日別アーカイブ: 2015年9月1日

またの名をトケン類、カッコウの仲間が、越冬地への旅立ち前に無言のまま我孫子を通過してゆきます

tsutsudori01山階鳥研のすぐ目の前に広がる手賀沼沿いにある遊歩道の桜並木に、ふだんは見慣れない鳥がとまっています。
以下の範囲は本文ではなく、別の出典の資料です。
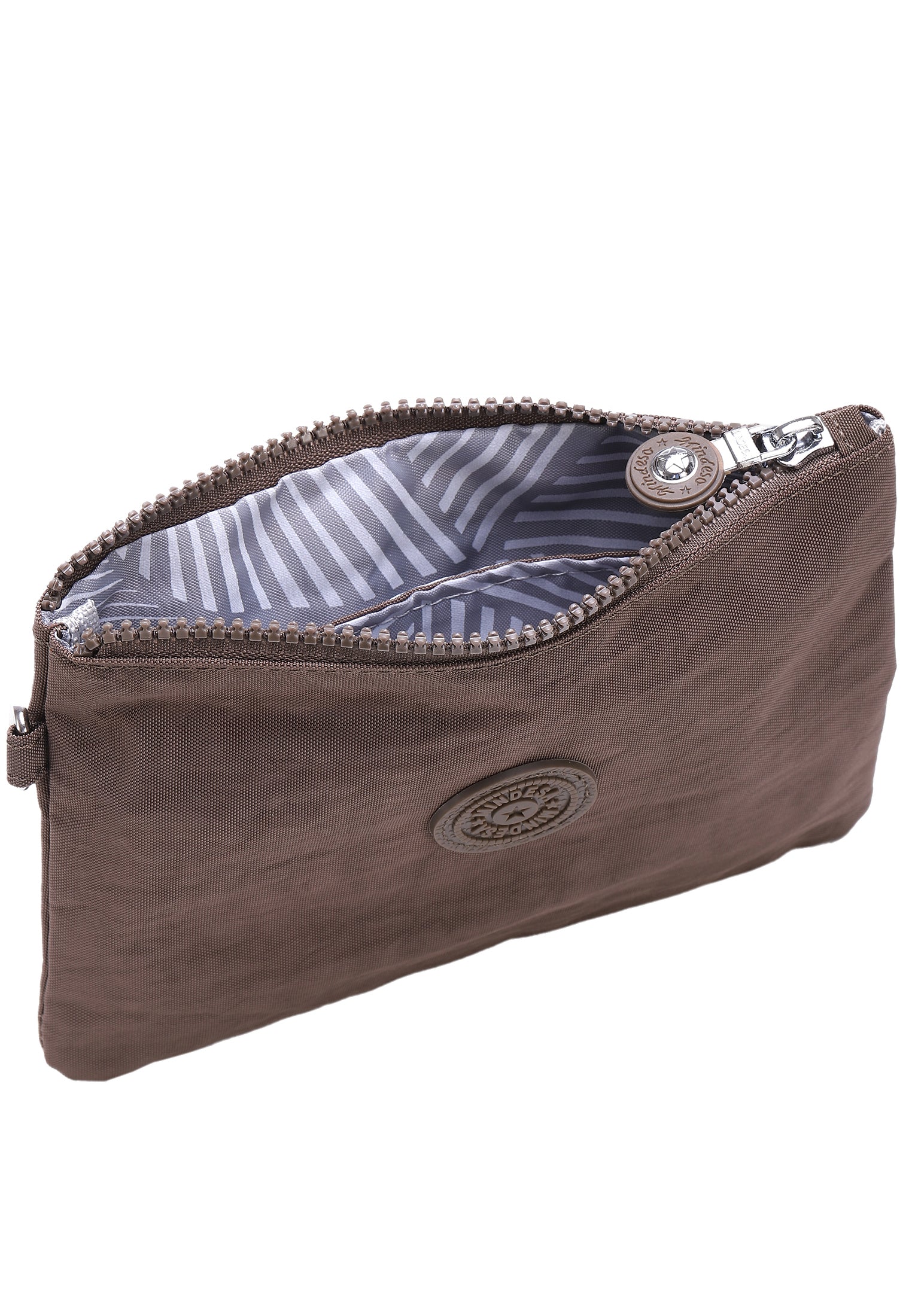 Mindesa Damenhandtasche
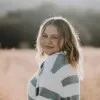 Danielle Walgenbach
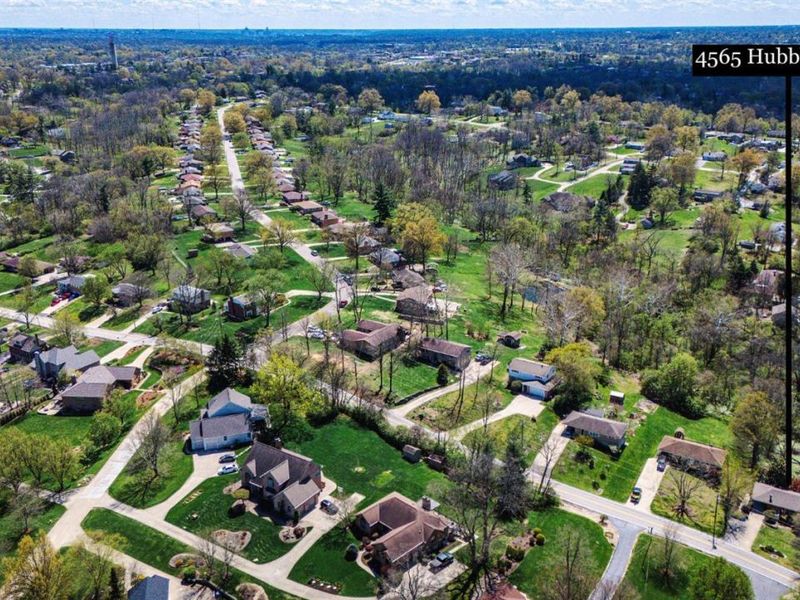 4565 Hubble Road, Green Township, OH 45247 Photo 58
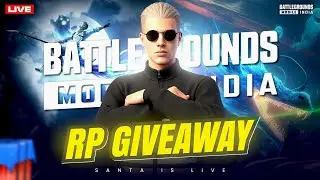 25 KILL CHALLANGE WITH SUBSCRIBERS #pubgclutches #jonthangaming #lolzzzgamingyt  | BGMI 4.0  UPDATE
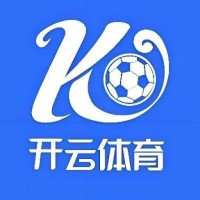 ky365sportscom01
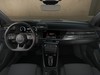 Audi A3 sportback 30 1.5 tfsi mhev business advanced s tronic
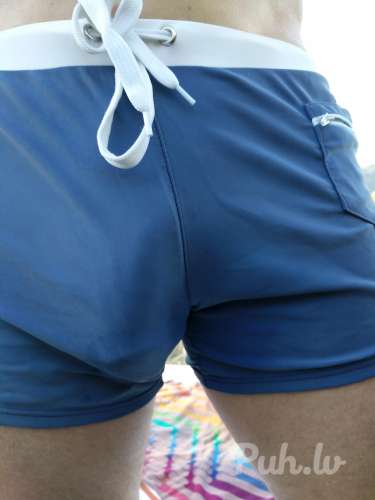 Bi precets ar bi . Jekabpili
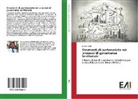 Nicola Mari - Strumenti di partenariato nei processi di governance territoriale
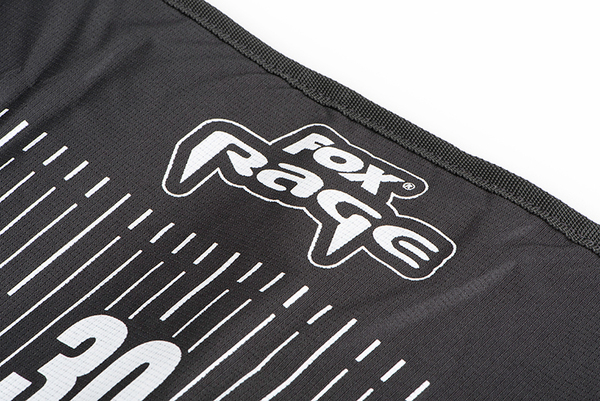 Fox Rage Voyager Camo Maßmatte 134 x 30cm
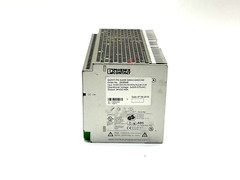 1PCS New PHOENIX CONTACT QUINT 2938646 Power Supply Fast delivery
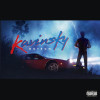 Kavinsky - Testarossa Autodrive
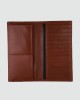 EXECUTIVE CONTINENTAL WALLET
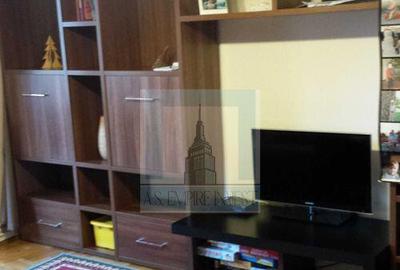 De vanzare apartament 4 camere/ zona Tractorul - 5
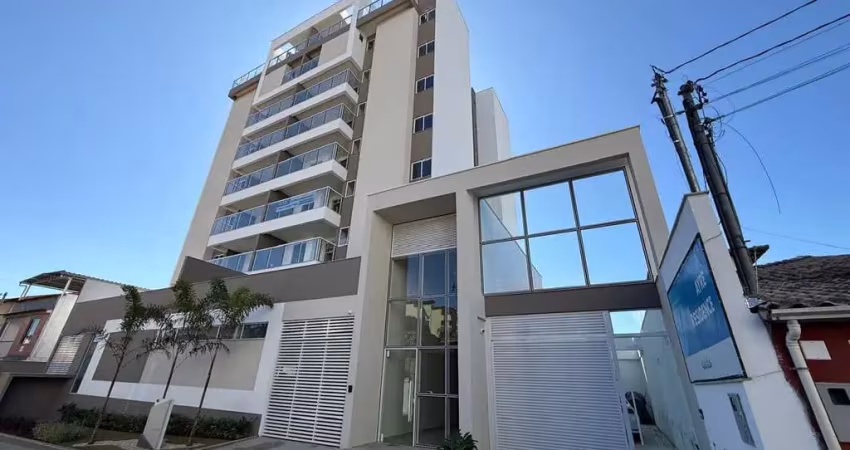 Sala comercial para alugar na Rua Emmanuel Alves Rattes, São Pedro, Juiz de Fora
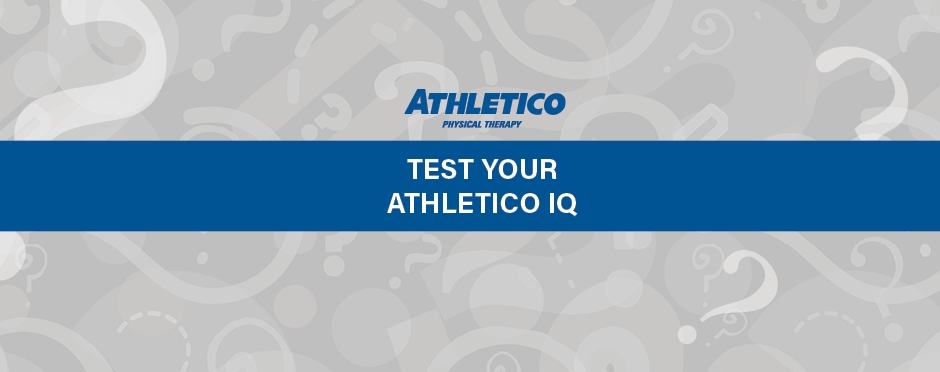 10_10_19_AthleticoIQ_940x372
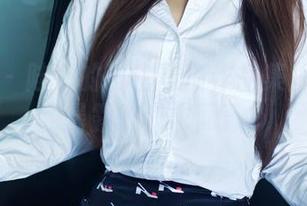 推女郎 – 陆瓷的秘密写真作品集里藏着我的暴露欲，求同款？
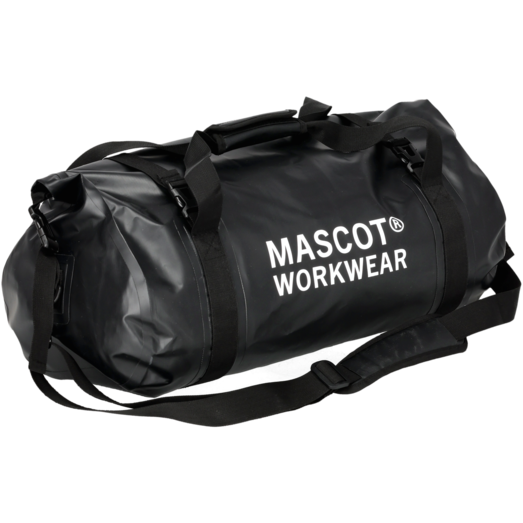 Mascot Workwear Bag sort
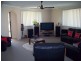 110 Boronia Drive, Bellara QLD 4507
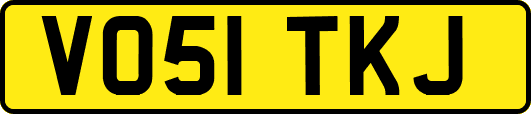 VO51TKJ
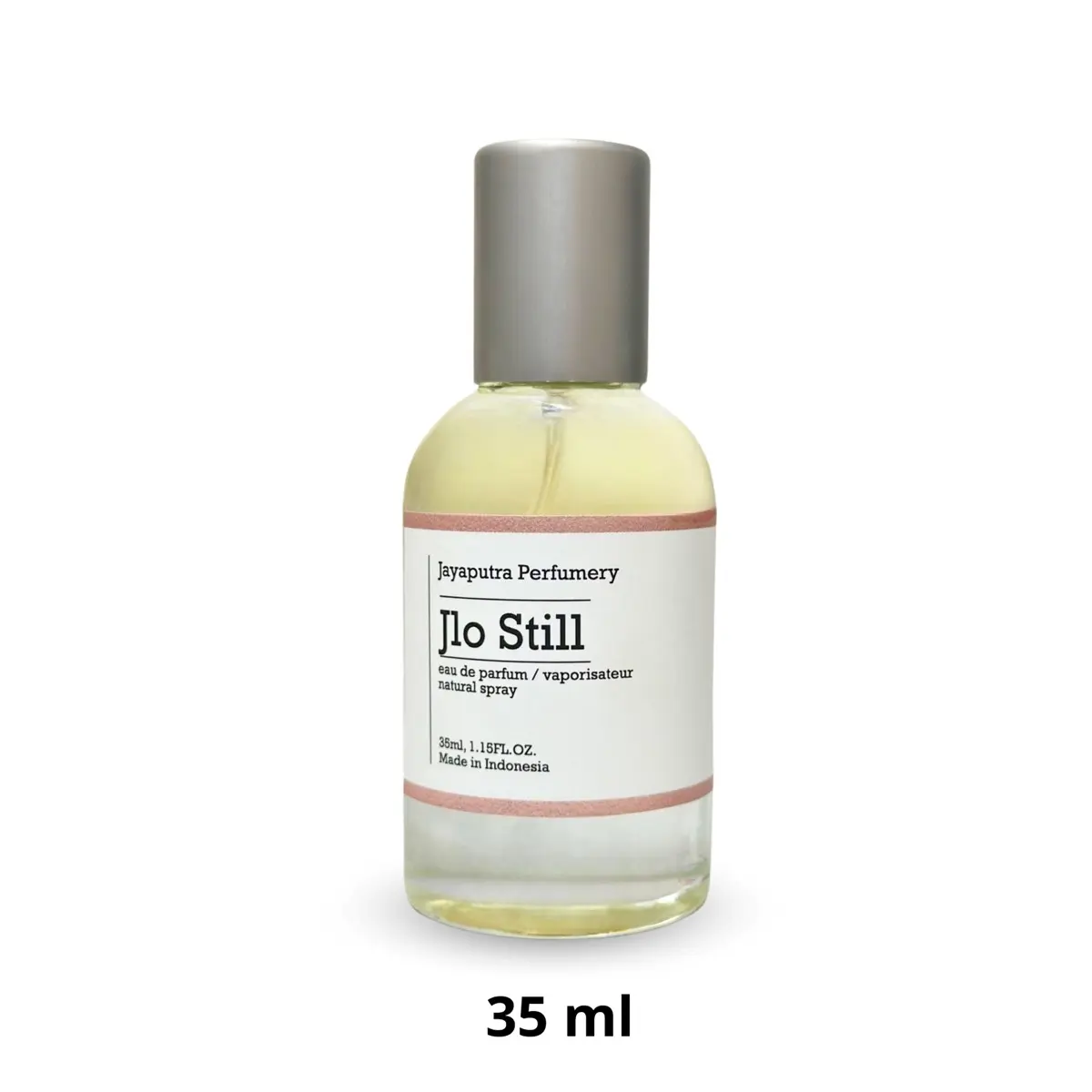 35 ml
この鳥はツツドリといって、日本には夏鳥として、つまり初夏に繁殖のために渡ってくる鳥です。日本の山地の森林での繁殖を終えて、東南アジアなどの越冬地への旅立ち前に、平野部を通過してゆくのです。

山登りをする方は、5月から6月のころ、緑の深い森のなかから、ポポ、ポポ、・・・というこの鳥の声がするのを聞かれたことがあるでしょう。この鳥はカッコウ科という、カッコウやホトトギスの仲間で、カッコウやホトトギスと同様、自分では巣を作らず、他の種の鳥の巣に卵を産みこんで育てさせる「托卵」という習性を持っています。

カッコウの仲間の鳥たちはガの幼虫(毛虫)が好物です。このツツドリがとまっているサクラの木も、毛虫のせいで、丸坊主になってしまっているのが写真でおわかりと思います。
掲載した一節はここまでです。